The following cell types are not included in forest classifications since they have fewer than 40 cells: ['Dendritic cells', 'Megakaryocytes']
[10]:
for set_id, df in reference_sets.items():
gene_set = df[df["selection"]].index.to_list()
evaluator.evaluate_probeset(gene_set, set_id=set_id)
The following cell types are not included in forest classifications since they have fewer than 40 cells: ['Dendritic cells', 'Megakaryocytes']
The following cell types are not included in forest classifications since they have fewer than 40 cells: ['Dendritic cells', 'Megakaryocytes']
The following cell types are not included in forest classifications since they have fewer than 40 cells: ['Dendritic cells', 'Megakaryocytes']
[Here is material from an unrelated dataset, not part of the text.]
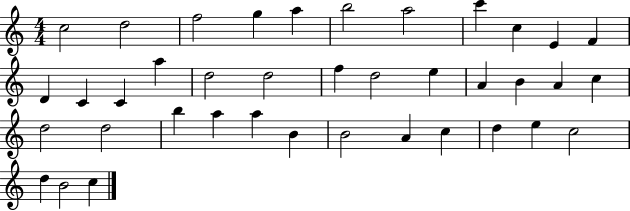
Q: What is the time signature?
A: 4/4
The following cell types are not included in forest classifications since they have fewer than 40 cells: ['Dendritic cells', 'Megakaryocytes']
[11]:
evaluator.summary_results
[11]:
| knn_overlap mean_overlap_AUC | forest_clfs accuracy | forest_clfs perct acc > 0.8 | gene_corr 1 - mean | gene_corr perct max < 0.8 | |
|---|---|---|---|---|---|
| DE | 0.160027 | 0.916620 | 0.955688 | 0.757868 | 0.792178 |
| random (seed=0) | 0.023879 | 0.575532 | 0.007778 | 0.976067 | 1.000000 |
| Spapros | 0.167580 | 0.923499 | 0.987302 | 0.772479 | 0.993647 |
| PCA | 0.293958 | 0.887955 | 0.897735 | 0.820372 | 1.000000 |
| HVG | 0.056358 | 0.819195 | 0.720651 | 0.840755 | 0.900000 |
Visualize the results
[12]:
import matplotlib as mpl
mpl.rcParams['figure.dpi'] = 60
In the generated summary table we see that the selection based on PCA shows the highest (fine level) variation recovery and Spapros shows the highest cell type classification accuracy.
Note that we didn’t measure all metrics in this tutorial since the ProbesetEvaluator sets as a default argument scheme='quick'. In the advanced evaluation tutorial we showcase how to adjust the evaluation and then go into more detailed comparisons.
Note: After running the spapros evaluation pipeline, the results are stored in a directory, that is by default called probeset_evaluation. If you run another evaluation after this tutorial, be careful that you either specify another dir or delete the previously created results directory because otherwise parts will be overwritten and parts will be falsely reused! If you do not want to save results, initialize the ProbesetEvaluator with dir=None, like in this tutorial.